EXERCISE INPUTS>
⁂

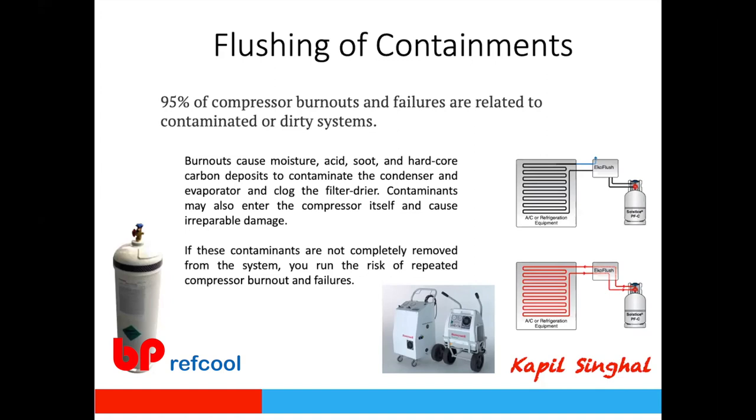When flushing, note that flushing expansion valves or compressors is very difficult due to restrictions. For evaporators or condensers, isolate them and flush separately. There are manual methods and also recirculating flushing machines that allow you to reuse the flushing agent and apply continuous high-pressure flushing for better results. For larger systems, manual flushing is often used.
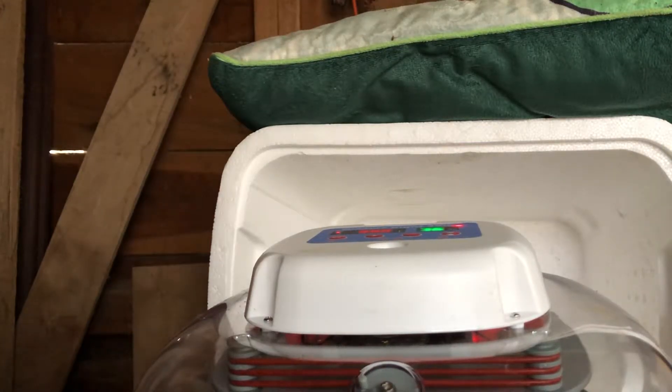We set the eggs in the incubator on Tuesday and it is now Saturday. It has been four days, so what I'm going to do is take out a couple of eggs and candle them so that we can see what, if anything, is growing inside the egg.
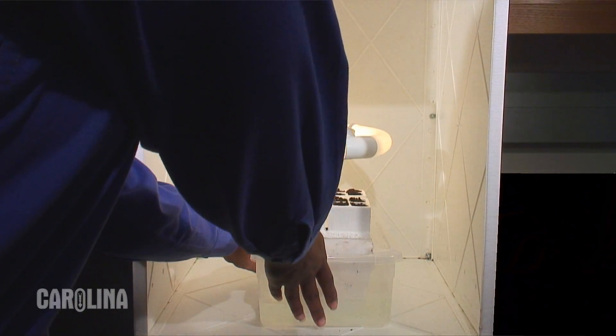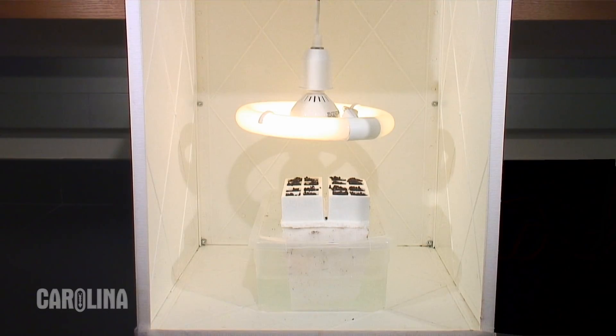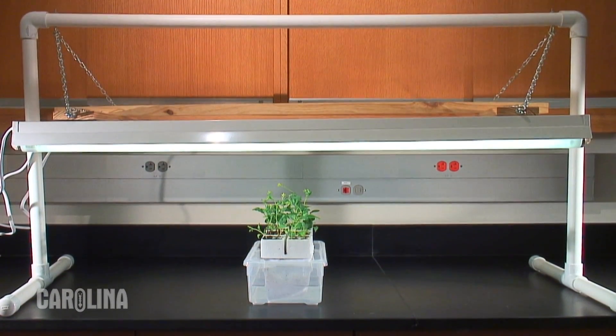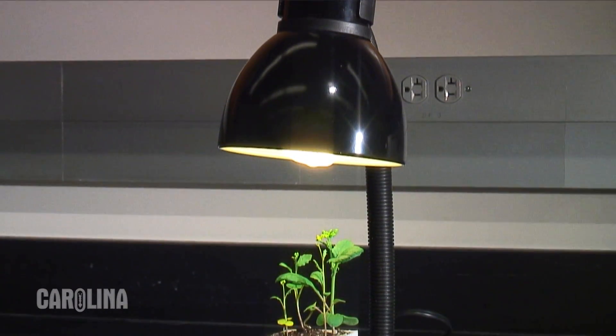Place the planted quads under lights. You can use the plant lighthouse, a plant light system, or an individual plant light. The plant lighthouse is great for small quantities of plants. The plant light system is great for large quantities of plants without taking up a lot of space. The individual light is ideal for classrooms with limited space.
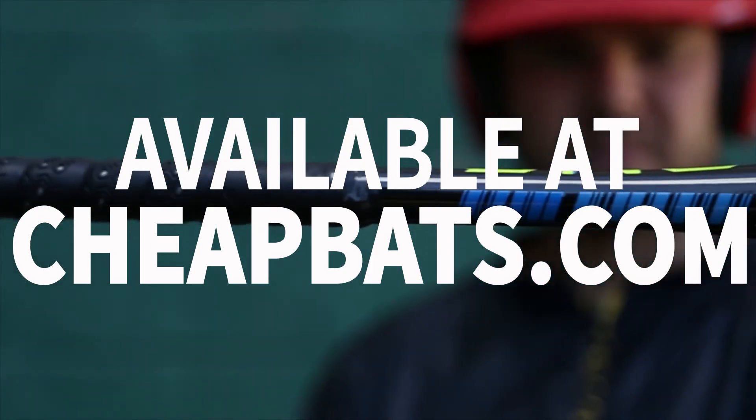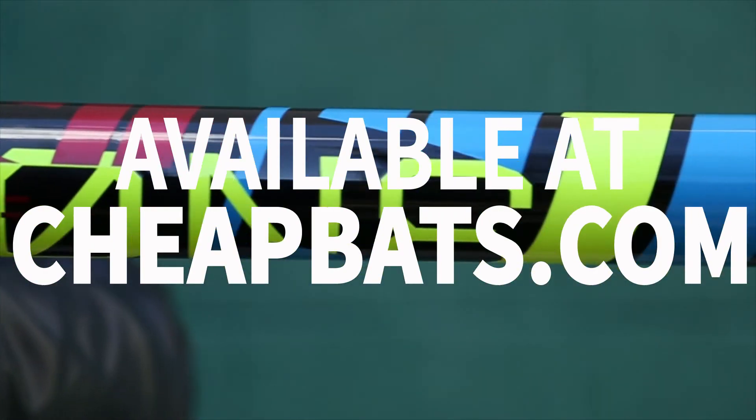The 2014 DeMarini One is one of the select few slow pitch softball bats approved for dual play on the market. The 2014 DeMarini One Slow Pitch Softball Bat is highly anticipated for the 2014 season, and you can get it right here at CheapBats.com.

⁂

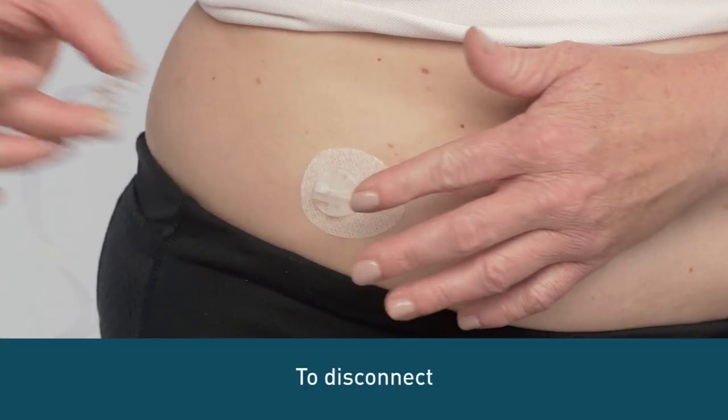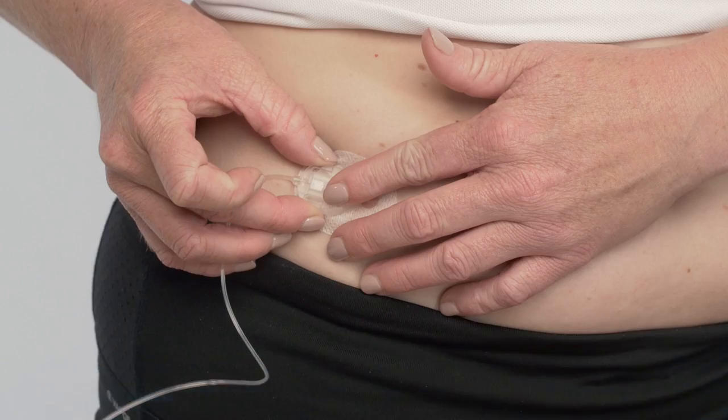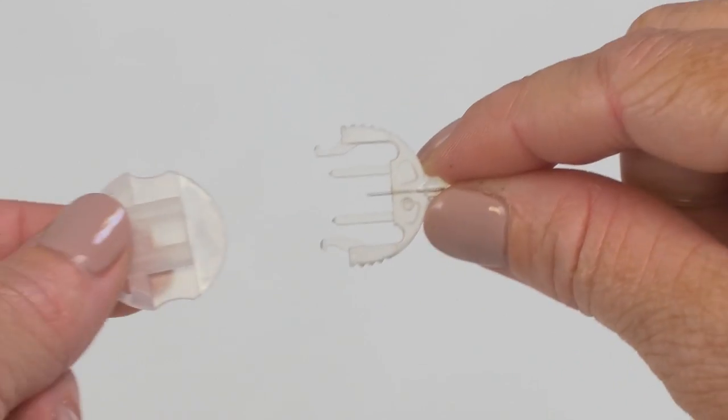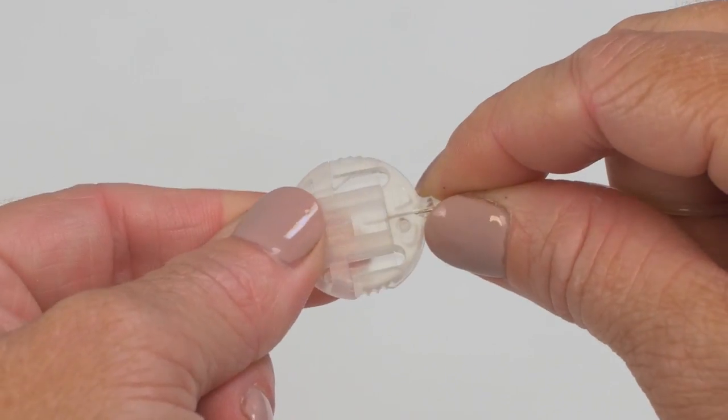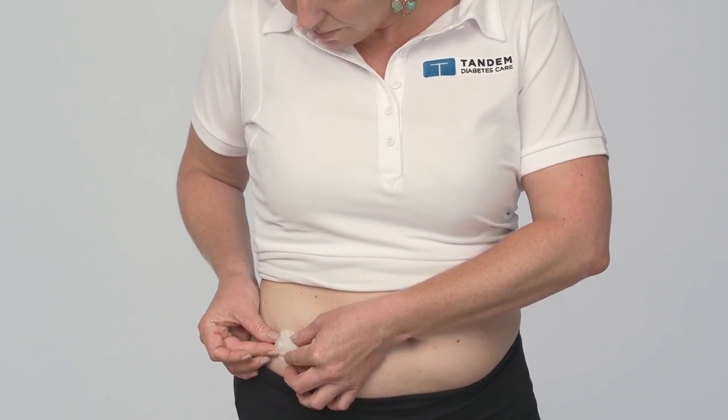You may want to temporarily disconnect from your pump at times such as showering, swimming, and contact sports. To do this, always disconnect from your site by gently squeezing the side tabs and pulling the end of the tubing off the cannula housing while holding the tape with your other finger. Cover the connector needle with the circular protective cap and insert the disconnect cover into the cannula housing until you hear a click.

⁂

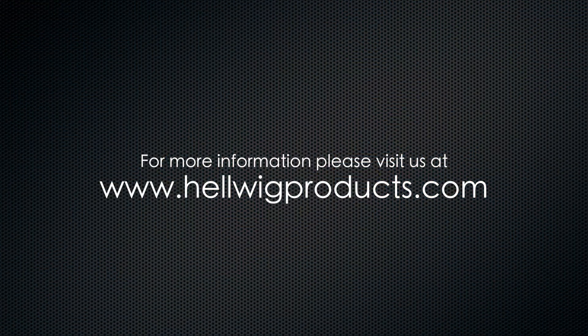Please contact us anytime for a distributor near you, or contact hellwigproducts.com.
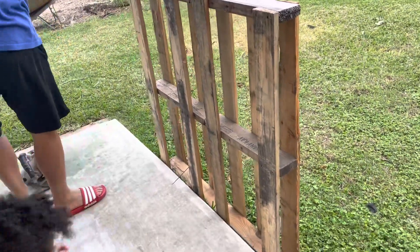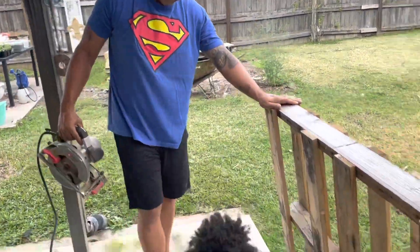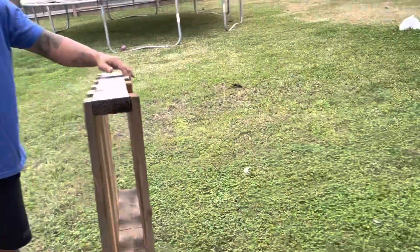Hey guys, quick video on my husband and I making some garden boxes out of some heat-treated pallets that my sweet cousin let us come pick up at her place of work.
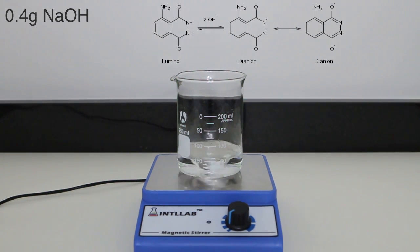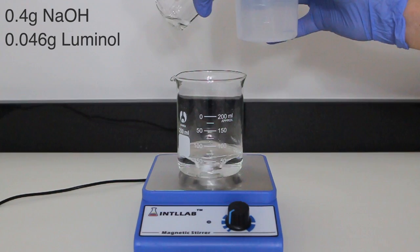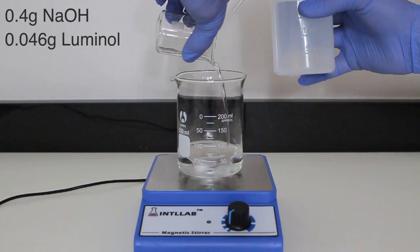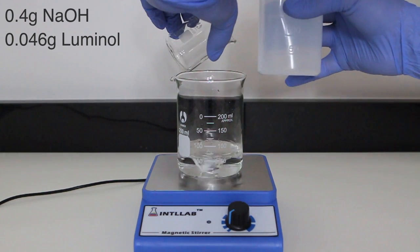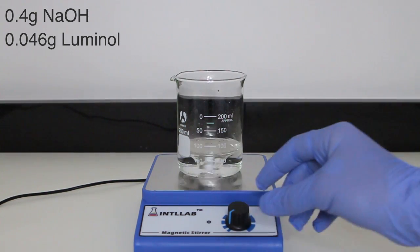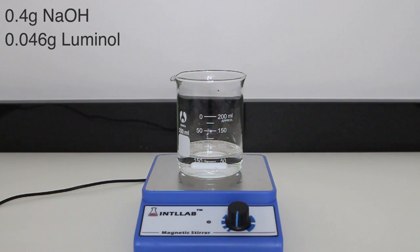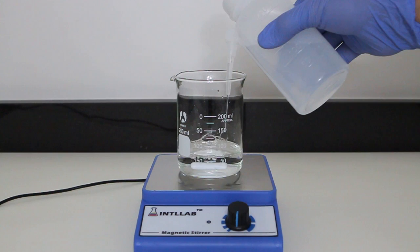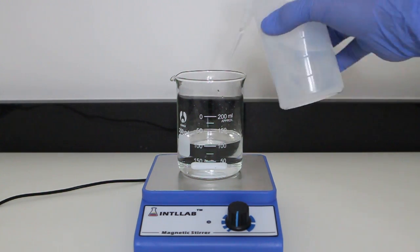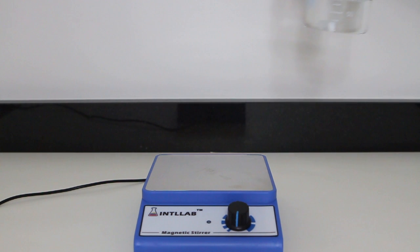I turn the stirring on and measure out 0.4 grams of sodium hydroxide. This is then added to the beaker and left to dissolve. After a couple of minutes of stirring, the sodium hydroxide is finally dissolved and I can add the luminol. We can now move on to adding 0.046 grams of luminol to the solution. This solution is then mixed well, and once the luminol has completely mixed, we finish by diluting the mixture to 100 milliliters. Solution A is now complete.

⁂

PROBLEM DETAILS>
Working from the data above, repeat exactly, and only, the lines that begin at the line containing "Please contact us" and stop after the line containing "Hey guys, quick"; pictures are not copied.

YOUR SOLUTION>
Please contact us anytime for a distributor near you, or contact hellwigproducts.com.
Hey guys, quick video on my husband and I making some garden boxes out of some heat-treated pallets that my sweet cousin let us come pick up at her place of work.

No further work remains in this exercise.